# Your assignment:
Locate the line that contains "lot 22 image: Milwaukee". Retype it and every line after it to the end of the records, exactly, but not the pictures.

[Data to process — start]

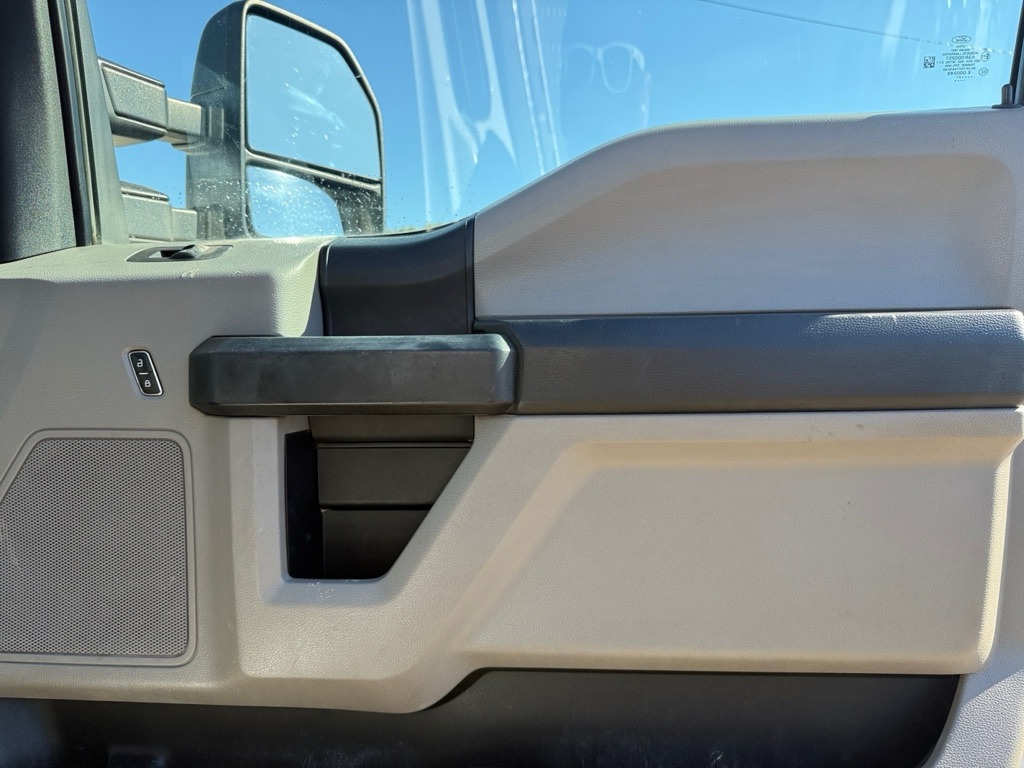 Photo 17 of this FORD F350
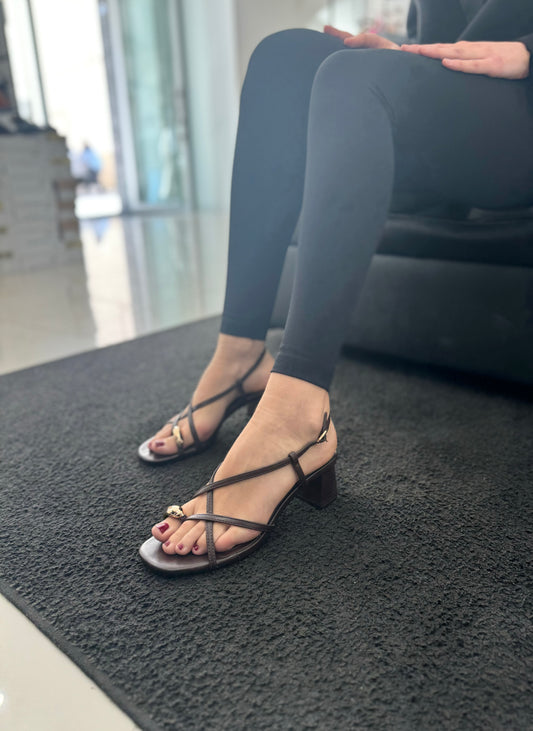 Sandali Melbourne Brown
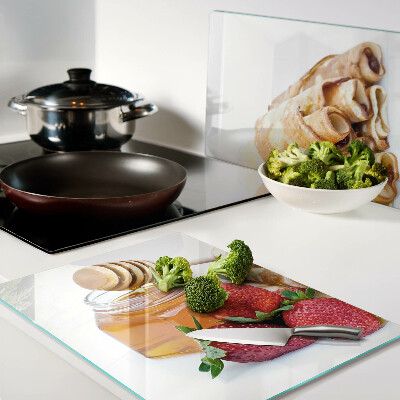 Tagliere in vetro temperato con decorazione a tema pancake con miele e fragole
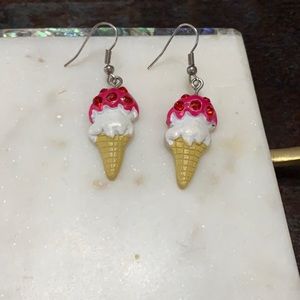 Claires summer novelty pink ice cream cone lightweight earrings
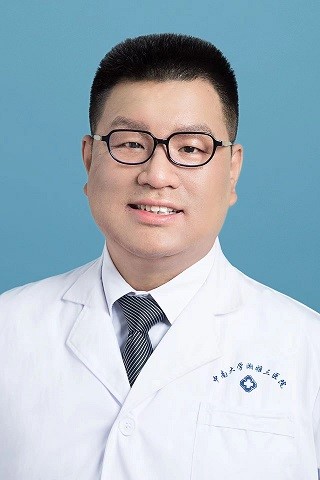 袁力
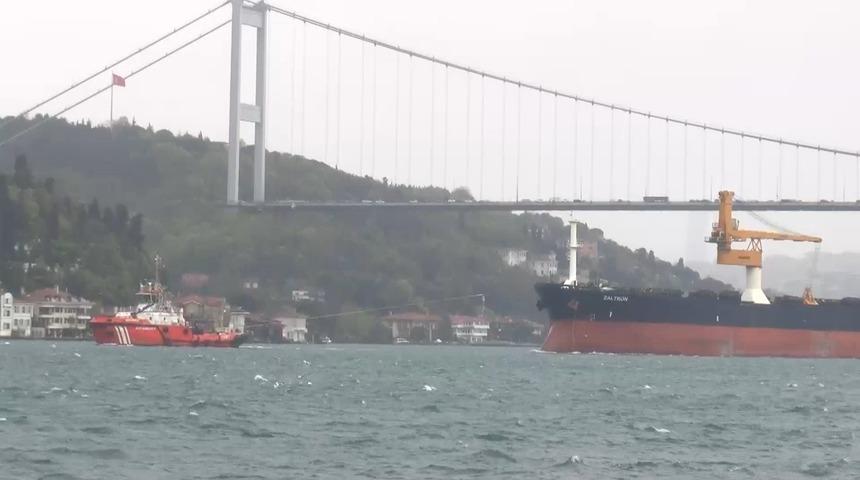 İstanbul Boğazı'nda gemi arızası! Trafik &ccedil;ift y&ouml;nl&uuml; askıya alındı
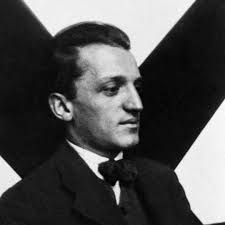 Crkni glupane dolaze mudraci!" po prvi put na jednom mestu  postjugoslovenskoj čitalačkoj publici donosi široki izbor iz tekstualnog  nasleđa nadgenijalnog Branka Ve Poljanskog. Knjiga obuhvata period između  1920. i 1940. godine, i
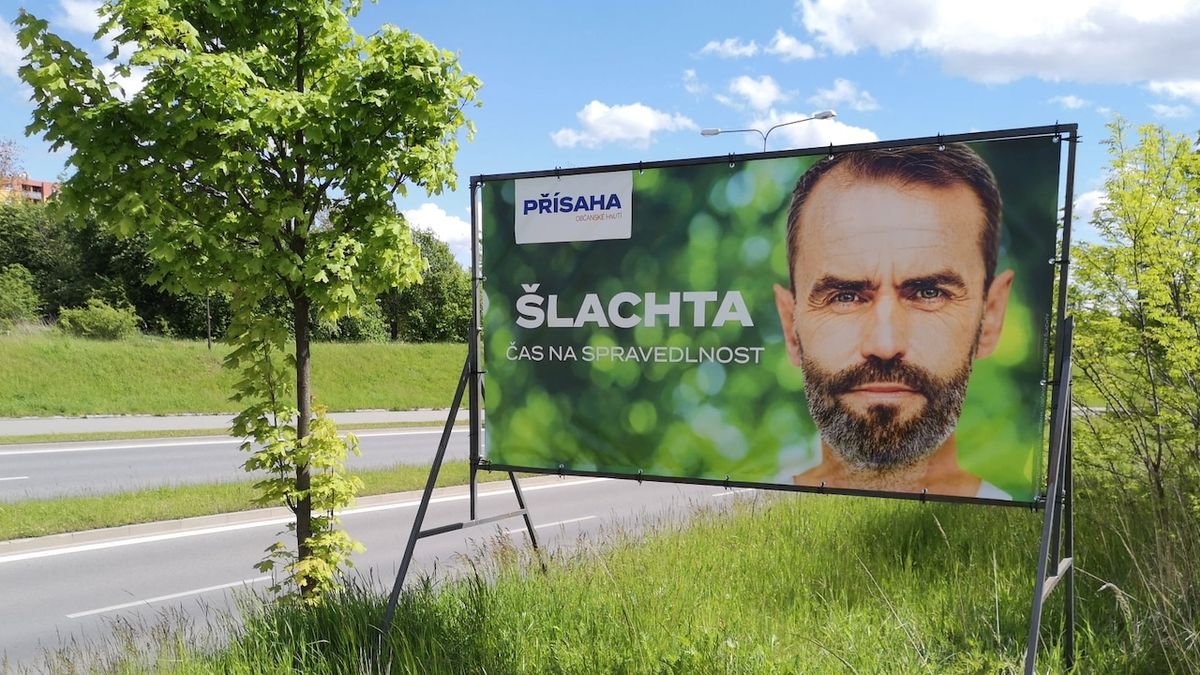 Šlachtu v Plzni propaguje nelegální obří poutač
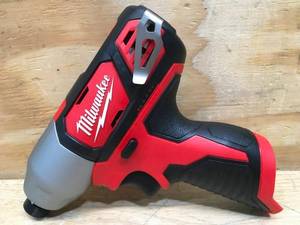 lot 22 image: Milwaukee 14-inch Hex Impact Driver 12V - Tool Only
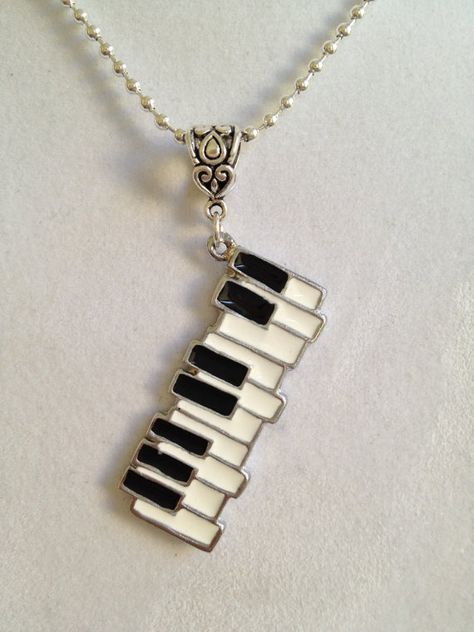 Piano Necklace, Piano Jewelry, Diy Beauty Gifts, Franz Liszt, Music Necklace, Piano Key, Musical Jewelry, Piano Keyboard, Necklace Charms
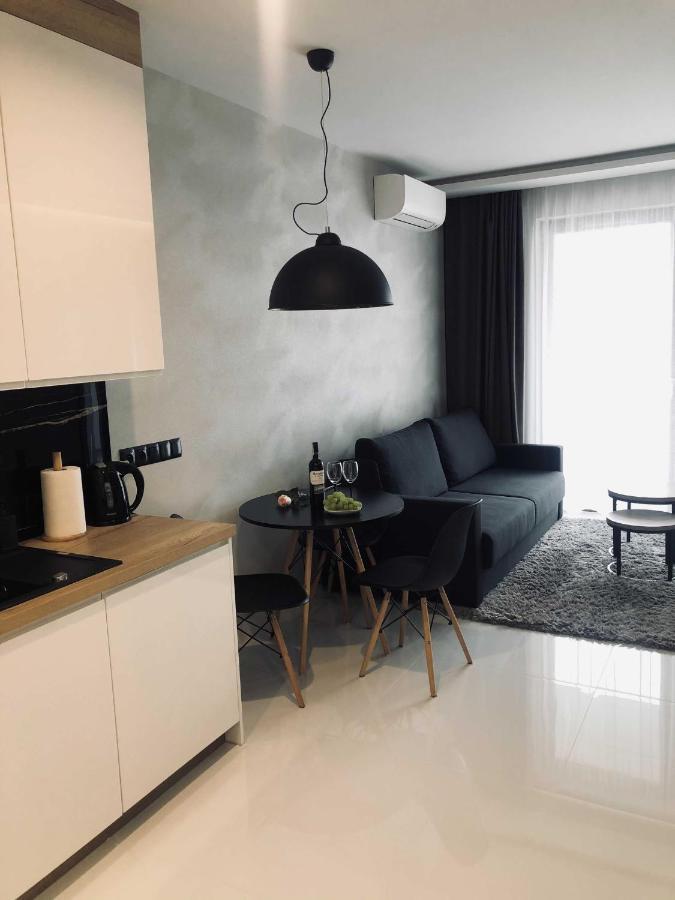 Warsaw Apartments Grzybowska Екстер'єр фото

[Data to process — finish]

# Written reply:
 lot 22 image: Milwaukee 14-inch Hex Impact Driver 12V - Tool Only
 Piano Necklace, Piano Jewelry, Diy Beauty Gifts, Franz Liszt, Music Necklace, Piano Key, Musical Jewelry, Piano Keyboard, Necklace Charms
 Warsaw Apartments Grzybowska Екстер'єр фото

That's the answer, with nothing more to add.